Fondamentalmente in questi settaggi abbiamo due criticità. La prima è dovuta a un diaframma molto aperto che ci offre una scarsissima profondità di fuoco ( DOF ). La seconda, ben più problematica è che un otturatore a T 1/2” causerà certamente immagini mosse, sia a causa del movimento del nostro corpo, sia dei movimenti degli sposi che, seppur minimi, risulteranno molto evidenti.

Come risolvere questo caso? Estendendo la regola agli Iso.

Tale principio, infatti, non solo può, ma deve tener conto del nostro “triangolo” dell’esposizione, secondo il quale abbiamo appunto non 2, ma 3 strumenti per gestire la luce (T F Iso).

Nello specifico decidiamo di velocizzare l’otturatore e portarlo da 1/2” a 1/60, tempo che, se stiamo attenti e cerchiamo di stare più stabili possibile, ci garantirà immagini ferme. Così facendo però perdiamo 5 stop di luce.

T   1/2  1/4  1/8  1/16  1/30   1/60 -5 STOP

Discorso simile per i diaframmi. Vorremmo un’apertura di diaframma leggermente più chiusa, in modo da avere una maggiore profondità di fuoco.
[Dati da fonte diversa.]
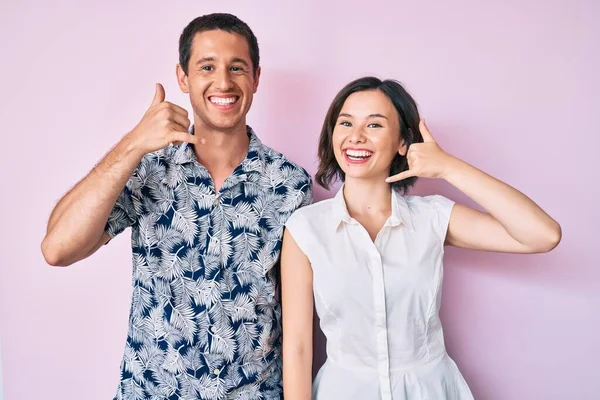 Schönes Paar Legerer Kleidung Lächelt Und Macht Handygesten Mit Händen — Stockfoto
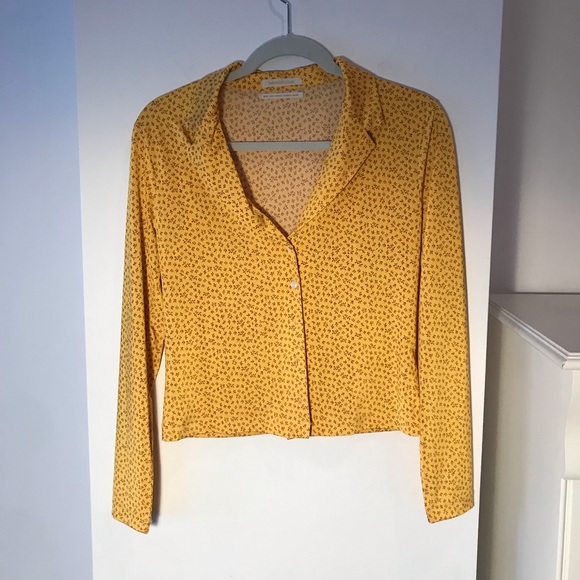 🚫SOLD Urban Outfitters Silky Yellow Button Down - Picture 2 of 4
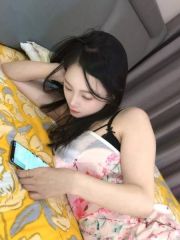 前凸后翘小姐姐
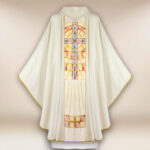 Ecru ornat haftowany z kielichem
Avendo già poca luce però scegliamo di “accontentarci” di un solo stop. Quindi da 2.8 a 4

F 2.8   4 -1 STOP

In totale fra tempi e diaframmi abbiamo perso un totale di 6 stop di luce.

A questo punto utilizziamo gli Iso per recuperare la luminosità persa.

Per recuperare 6 stop di luce dunque porteremo gli Iso da 100 a 6400

Iso 100   200   400   800   1600   3200   6400 +6 STOP

Conclusioni

Potremmo andare avanti all’infinito a fare esempi in cui si applica tale principio.

Dobbiamo tenere presente che, quando si è agli inizi, questa è forse una delle lezioni più critiche in quanto dobbiamo sempre aver a che fare con ragionamenti matematici (seppur semplici) ed abbinare questi al fatto che stiamo cercando di fare qualche cosa di artistico. Come per il musicista che impara a padroneggiare lo strumento e usare le scale lo stesso vale per il fotografo. E’ solo l’esercizio, la dedizione alla disciplina ed il tempo che ci consentono di poter far diventare questi calcoli e ragionamenti degli automatismi.

Una volta imparati, lo posso garantire, non spaventeranno più.